[Records drawn from a dataset]

***

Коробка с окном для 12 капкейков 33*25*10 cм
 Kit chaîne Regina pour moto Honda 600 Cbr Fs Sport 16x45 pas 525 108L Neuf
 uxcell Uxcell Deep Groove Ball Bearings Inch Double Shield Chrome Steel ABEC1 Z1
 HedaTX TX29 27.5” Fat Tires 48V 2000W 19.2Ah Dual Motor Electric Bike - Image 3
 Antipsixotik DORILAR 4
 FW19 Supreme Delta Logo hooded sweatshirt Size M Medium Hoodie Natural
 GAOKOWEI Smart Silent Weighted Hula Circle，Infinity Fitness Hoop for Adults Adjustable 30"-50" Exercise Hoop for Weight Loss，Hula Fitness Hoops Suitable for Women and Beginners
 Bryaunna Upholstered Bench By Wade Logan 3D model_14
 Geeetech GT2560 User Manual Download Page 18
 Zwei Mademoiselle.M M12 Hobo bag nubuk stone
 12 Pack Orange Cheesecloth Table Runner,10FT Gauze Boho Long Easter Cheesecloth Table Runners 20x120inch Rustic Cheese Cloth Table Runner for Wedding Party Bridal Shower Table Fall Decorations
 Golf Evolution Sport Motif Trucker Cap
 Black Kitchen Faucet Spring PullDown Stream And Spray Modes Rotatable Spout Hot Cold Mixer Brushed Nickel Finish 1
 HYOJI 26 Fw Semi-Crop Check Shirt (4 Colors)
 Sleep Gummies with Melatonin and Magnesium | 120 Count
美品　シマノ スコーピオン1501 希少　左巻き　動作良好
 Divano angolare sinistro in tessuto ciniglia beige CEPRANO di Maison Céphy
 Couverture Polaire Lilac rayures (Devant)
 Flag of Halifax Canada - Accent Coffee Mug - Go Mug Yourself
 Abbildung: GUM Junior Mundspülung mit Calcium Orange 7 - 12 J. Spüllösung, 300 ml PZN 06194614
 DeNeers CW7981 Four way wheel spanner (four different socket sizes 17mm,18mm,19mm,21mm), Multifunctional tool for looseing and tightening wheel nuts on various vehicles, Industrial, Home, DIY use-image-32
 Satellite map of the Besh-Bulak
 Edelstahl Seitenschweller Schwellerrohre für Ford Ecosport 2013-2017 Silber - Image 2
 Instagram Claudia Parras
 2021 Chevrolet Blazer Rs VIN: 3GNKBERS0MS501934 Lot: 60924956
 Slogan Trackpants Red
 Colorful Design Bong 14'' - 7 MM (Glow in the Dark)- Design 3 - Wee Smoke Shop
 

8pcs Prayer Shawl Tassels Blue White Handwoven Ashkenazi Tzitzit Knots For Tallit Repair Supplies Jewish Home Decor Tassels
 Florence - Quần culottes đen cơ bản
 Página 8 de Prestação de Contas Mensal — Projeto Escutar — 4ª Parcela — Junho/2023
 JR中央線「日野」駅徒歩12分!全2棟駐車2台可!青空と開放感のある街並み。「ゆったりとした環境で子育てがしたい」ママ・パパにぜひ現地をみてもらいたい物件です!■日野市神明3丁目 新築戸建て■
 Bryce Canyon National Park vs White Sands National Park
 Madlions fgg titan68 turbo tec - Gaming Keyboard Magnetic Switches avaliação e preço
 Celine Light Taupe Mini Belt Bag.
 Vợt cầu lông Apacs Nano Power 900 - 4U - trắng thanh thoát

***

### WHAT IS REQUIRED
Pick out each line above that includes "Orange" and show it.

### SOLUTION FOR THIS TASK
 12 Pack Orange Cheesecloth Table Runner,10FT Gauze Boho Long Easter Cheesecloth Table Runners 20x120inch Rustic Cheese Cloth Table Runner for Wedding Party Bridal Shower Table Fall Decorations
 Abbildung: GUM Junior Mundspülung mit Calcium Orange 7 - 12 J. Spüllösung, 300 ml PZN 06194614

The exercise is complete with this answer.